I also have a great story from this weekend. The camp ranger has always been a pretty gruff, not-so-friendly kind of guy. Two years ago, one of his old girlfriends moved in with him at camp and brought her two sons with her. She died later that year in a car crash, and he took it really hard. The boys were shuffled around from one grandparent to another, but they still spent a lot of their weekends out at camp. For the past six months, the ranger has been taking classes and making improvements to the house so he can be a foster parent to the boys, with the hope of extending that eventually to official adoption. The boys move in next week. It's so cool to watch him with the boys, because he's a really good parent to them, and I never would have expected it. One of the boys is already calling him "Dad." Plus, with them being up at camp all the time, they'll have an unlimited number of uncles and big brothers, and a chance to get a really solid outdoor, hands-on education. After everything that's happened, this could not have worked out better.

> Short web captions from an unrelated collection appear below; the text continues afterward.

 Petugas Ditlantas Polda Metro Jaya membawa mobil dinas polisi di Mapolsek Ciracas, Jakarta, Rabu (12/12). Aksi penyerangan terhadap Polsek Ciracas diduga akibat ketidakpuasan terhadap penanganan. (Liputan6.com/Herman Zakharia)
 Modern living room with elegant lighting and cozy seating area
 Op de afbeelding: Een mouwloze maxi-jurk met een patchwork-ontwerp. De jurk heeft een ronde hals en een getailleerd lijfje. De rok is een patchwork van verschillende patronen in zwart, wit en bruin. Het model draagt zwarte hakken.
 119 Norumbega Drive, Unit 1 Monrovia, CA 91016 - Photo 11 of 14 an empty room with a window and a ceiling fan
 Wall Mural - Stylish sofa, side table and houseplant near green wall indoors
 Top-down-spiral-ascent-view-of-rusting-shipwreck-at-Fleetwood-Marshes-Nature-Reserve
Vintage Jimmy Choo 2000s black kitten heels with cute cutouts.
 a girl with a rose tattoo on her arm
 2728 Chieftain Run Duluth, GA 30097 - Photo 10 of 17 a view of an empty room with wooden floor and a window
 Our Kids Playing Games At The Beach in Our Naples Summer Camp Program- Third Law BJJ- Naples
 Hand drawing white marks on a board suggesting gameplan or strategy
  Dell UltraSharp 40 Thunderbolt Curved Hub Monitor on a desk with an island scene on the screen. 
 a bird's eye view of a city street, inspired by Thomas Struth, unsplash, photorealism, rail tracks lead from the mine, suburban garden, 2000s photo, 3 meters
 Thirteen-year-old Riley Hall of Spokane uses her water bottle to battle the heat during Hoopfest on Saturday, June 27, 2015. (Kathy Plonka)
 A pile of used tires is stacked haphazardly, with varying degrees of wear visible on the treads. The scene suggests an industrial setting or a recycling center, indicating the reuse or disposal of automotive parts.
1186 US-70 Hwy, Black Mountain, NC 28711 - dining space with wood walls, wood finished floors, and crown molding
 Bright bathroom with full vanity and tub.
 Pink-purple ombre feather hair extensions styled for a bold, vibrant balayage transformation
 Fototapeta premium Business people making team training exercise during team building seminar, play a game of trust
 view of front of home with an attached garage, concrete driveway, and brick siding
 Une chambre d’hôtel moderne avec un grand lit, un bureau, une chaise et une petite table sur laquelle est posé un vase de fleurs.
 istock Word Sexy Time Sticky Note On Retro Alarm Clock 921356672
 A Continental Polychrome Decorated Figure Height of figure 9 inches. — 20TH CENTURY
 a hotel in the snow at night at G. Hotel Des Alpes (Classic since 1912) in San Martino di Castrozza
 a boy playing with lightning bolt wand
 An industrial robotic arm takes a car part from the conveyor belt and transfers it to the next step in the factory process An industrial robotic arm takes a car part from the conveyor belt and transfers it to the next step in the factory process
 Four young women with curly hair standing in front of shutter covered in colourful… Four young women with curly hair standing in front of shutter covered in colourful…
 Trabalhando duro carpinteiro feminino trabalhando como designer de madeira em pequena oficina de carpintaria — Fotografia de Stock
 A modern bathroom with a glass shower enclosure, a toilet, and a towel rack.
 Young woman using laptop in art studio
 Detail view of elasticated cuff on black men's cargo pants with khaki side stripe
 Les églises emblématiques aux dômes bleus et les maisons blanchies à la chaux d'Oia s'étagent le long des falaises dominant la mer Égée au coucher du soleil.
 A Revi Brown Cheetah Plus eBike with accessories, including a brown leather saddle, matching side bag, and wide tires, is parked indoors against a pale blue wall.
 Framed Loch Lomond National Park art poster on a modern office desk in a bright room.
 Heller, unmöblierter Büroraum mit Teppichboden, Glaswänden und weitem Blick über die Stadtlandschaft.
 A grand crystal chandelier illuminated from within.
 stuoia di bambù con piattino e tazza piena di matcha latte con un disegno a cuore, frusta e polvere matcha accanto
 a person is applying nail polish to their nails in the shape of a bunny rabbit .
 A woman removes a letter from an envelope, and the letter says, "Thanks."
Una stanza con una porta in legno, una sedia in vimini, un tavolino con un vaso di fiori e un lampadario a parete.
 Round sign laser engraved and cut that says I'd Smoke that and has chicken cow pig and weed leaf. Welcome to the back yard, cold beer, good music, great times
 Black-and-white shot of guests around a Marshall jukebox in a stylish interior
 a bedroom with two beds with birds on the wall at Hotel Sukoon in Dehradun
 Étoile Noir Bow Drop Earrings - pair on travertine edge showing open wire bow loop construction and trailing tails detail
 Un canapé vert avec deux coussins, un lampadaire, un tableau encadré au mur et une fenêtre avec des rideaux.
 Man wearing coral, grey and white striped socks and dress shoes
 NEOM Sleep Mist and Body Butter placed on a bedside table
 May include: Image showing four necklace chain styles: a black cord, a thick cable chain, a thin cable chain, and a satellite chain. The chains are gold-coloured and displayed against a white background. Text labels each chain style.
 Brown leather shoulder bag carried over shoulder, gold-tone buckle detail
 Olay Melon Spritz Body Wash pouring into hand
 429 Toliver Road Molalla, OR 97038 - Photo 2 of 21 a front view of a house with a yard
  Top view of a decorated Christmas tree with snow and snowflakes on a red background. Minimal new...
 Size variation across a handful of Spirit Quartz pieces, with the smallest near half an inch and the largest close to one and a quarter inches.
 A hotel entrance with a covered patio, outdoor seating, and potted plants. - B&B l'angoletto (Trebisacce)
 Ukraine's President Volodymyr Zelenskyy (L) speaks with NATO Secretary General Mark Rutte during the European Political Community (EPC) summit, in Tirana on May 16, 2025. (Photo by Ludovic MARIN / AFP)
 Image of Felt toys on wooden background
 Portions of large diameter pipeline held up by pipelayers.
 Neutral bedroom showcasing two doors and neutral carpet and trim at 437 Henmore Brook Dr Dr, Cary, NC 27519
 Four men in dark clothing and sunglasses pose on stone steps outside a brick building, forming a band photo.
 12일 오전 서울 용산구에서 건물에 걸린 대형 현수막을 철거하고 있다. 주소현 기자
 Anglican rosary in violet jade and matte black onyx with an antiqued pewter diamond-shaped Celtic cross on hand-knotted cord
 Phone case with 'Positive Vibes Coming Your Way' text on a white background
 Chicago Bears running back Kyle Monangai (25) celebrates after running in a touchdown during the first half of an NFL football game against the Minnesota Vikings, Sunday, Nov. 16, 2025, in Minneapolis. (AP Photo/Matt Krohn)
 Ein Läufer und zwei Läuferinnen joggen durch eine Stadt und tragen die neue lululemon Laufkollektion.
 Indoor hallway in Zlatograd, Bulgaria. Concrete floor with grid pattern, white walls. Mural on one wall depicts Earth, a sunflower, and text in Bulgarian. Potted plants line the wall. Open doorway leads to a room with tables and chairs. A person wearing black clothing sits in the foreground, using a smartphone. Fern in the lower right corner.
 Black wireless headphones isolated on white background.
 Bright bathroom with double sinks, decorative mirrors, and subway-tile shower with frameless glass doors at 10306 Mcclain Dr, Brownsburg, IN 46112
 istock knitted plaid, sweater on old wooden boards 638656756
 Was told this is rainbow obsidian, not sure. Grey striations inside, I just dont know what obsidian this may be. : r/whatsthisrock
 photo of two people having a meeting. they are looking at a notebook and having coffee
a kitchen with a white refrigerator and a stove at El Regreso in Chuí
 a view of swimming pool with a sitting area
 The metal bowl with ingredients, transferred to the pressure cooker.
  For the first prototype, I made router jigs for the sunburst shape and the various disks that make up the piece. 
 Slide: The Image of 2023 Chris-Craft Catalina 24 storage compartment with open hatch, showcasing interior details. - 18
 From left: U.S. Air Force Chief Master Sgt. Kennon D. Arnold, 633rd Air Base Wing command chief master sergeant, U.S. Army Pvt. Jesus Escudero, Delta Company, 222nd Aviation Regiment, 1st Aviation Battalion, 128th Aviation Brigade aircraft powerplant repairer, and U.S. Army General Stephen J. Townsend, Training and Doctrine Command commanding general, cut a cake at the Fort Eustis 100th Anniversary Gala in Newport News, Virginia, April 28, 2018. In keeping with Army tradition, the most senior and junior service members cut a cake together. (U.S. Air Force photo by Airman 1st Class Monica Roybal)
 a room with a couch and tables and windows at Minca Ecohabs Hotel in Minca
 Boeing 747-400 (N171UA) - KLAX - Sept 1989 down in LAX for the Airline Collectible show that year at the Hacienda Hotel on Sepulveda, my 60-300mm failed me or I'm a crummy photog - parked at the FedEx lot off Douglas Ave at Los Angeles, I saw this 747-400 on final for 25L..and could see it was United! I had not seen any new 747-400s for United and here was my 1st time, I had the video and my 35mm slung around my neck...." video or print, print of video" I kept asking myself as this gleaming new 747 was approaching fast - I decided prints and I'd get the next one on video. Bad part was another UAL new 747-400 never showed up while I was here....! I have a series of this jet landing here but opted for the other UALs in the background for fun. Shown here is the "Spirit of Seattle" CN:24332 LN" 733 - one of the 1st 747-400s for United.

Soo....I started Ender's Game on Wednesday. I finished it yesterday at midnight. Mind you, I had two papers to write, one of which was a midterm paper and thus of elevated importance. But I passed the point of no return, which in a book like Ender's Game is pretty damn early on. I cannot rave enough about this book. I think I'll be reading it again within the next week.
And, because I am just that cool, I still got my essays done and turned in on time. I'm pretty cocky about it, like always. I almost hope that one of these times it will come around to bite me in the ass, so then I'll have some encouragement not to do it. But I've been doing essays the day they're due all year, with no grade yet lower than a B+. And that, my friends, is why I am totally convinced of how cool I am.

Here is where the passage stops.